Any weapons system that can't be hidden in somebody's garage or barn is useless to an insurgent force. So is anything that can be easily detected by opposition forces with only the thinnest network of local supporters, when transported for a few miles. An insurgency's small weapons systems and systems that can be disguised as ordinary civilian vehicles and equipment, in contrast, can escape detection by opposition forces and remain available to fight wars that can last months and years.
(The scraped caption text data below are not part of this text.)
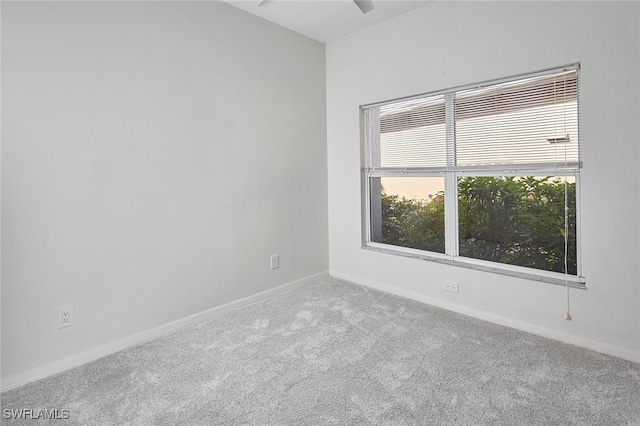 view of carpeted spare room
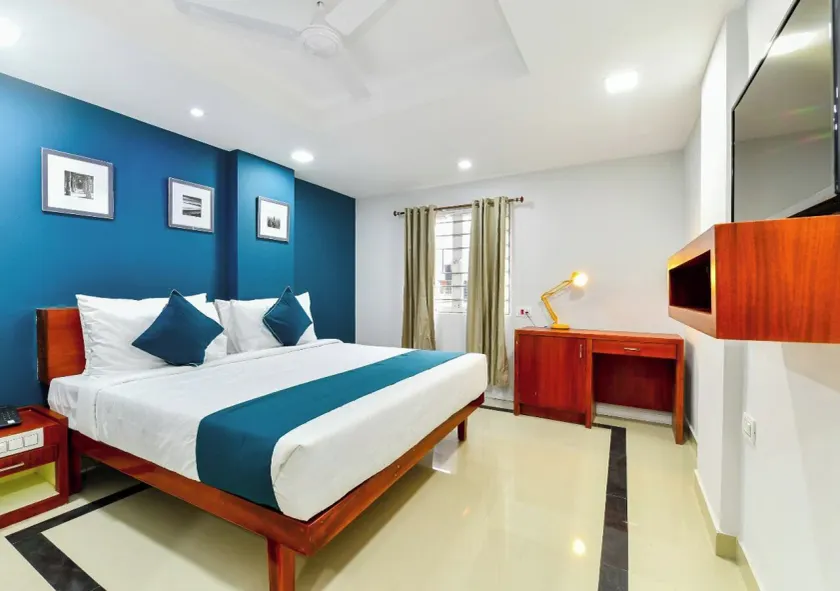 The Reach Hotel - Image 1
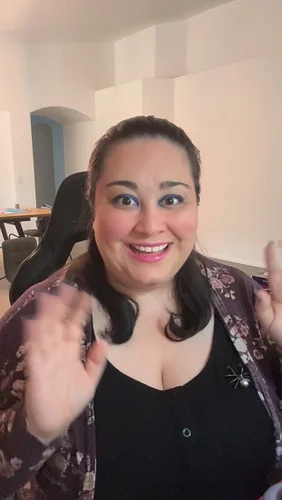 Friday night league, get ready with me! But girlypop edition! 🥰✨💖 

#lorcanamuses #teammuses #lorcana #tcg #tcgcommunity #pod...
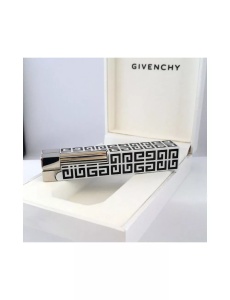 Brichetă de lux Givenchy 3808 de culoare alb/negru cu logo-ul brandului, asezata pe cutia cadou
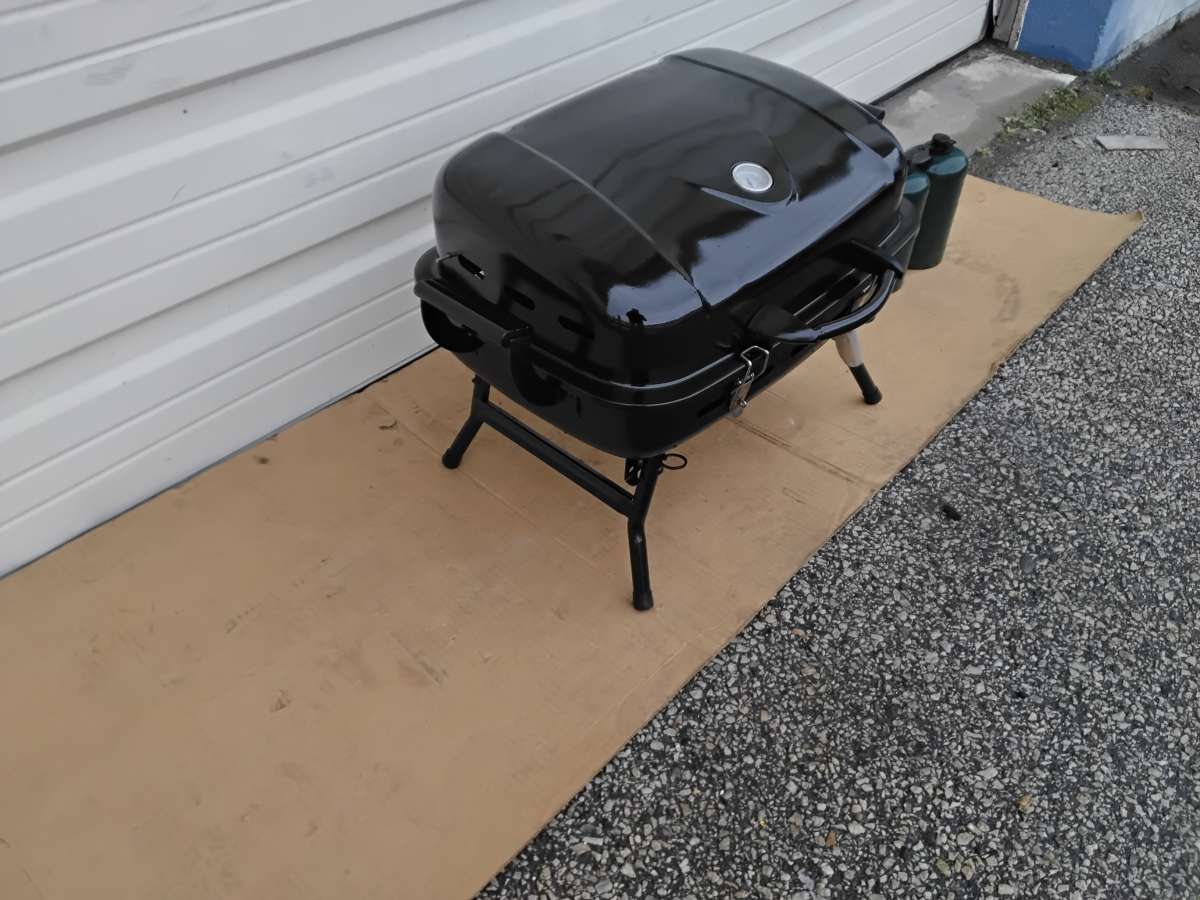Black Portable Propane Gas Grill 2 Full Propane Tanks New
These smaller, often off the shelf component weapons systems also tend to be easier to produce covertly and far less expensive than the weapons of a conventional military or paramilitary force.

The more deadly and easily available these systems become, the harder it is for traditional forces to control territory in the face of armed opposition without suffering casualties that first world military forces are likely to view as unacceptable. Thus, these technologies make it dramatically harder to use military force to end revolutions, civil wars, large scale organized crime organizations, and piracy. And, since the vast majority of military conflicts at any given time are revolutions and civil wars (or sustained piracy or organized crime), rather than conflicts between sophisticated near peer sovereign military forces on both sides of a conflict, the development of these kinds of weapons technologies are likely to transform the actually practice of military conflicts on a much more widespread and immediate basis.
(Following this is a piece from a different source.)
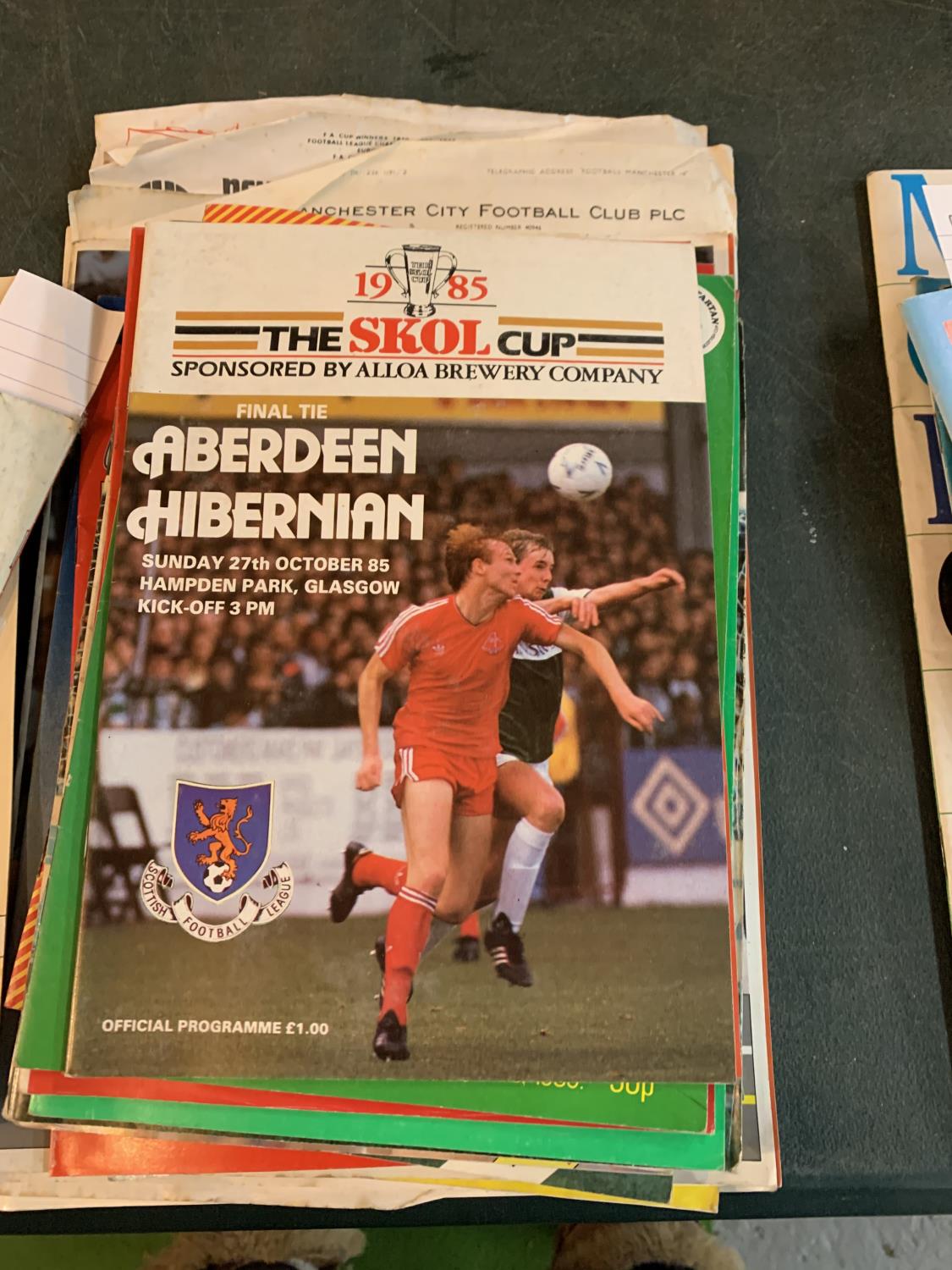 A QUANTITY OF SCOTTISH FOOTBALL PROGRAMMES TO INCLUDE ABERDEEN V HIBS 1985, RANGERS V HIBS 1970, - Image 2 of 4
Of course, these technologies can be used by traditional military forces of countries with fat military budgets as well. But, since these forces have already long had a decisive edge in conventional warfare, the marginal benefit that they receive from these additional capabilities which can be replicated by larger and heavier and more expensive existing military systems is not nearly as important as the impact that these additional capabilities on their opponents.

We live now and have lived for a long time in an era in which offensive military technologies are generally able to best comparable defensive technologies like armor plating. Smart rifles and drones with small arms present two new "next war" challenges on top of the IEDs and suicide bombing tactics that have plagued counterinsurgency forces in the last decade or so. In principal moderate armor and ballistic materials should be sufficient to stop these small munitions. But, their potential pervasiveness makes it very hard to stop all of these threats from every possible direction all of the time, which is what one needs to do for years and years and years to minimize casualties in long counterinsurgency conflicts.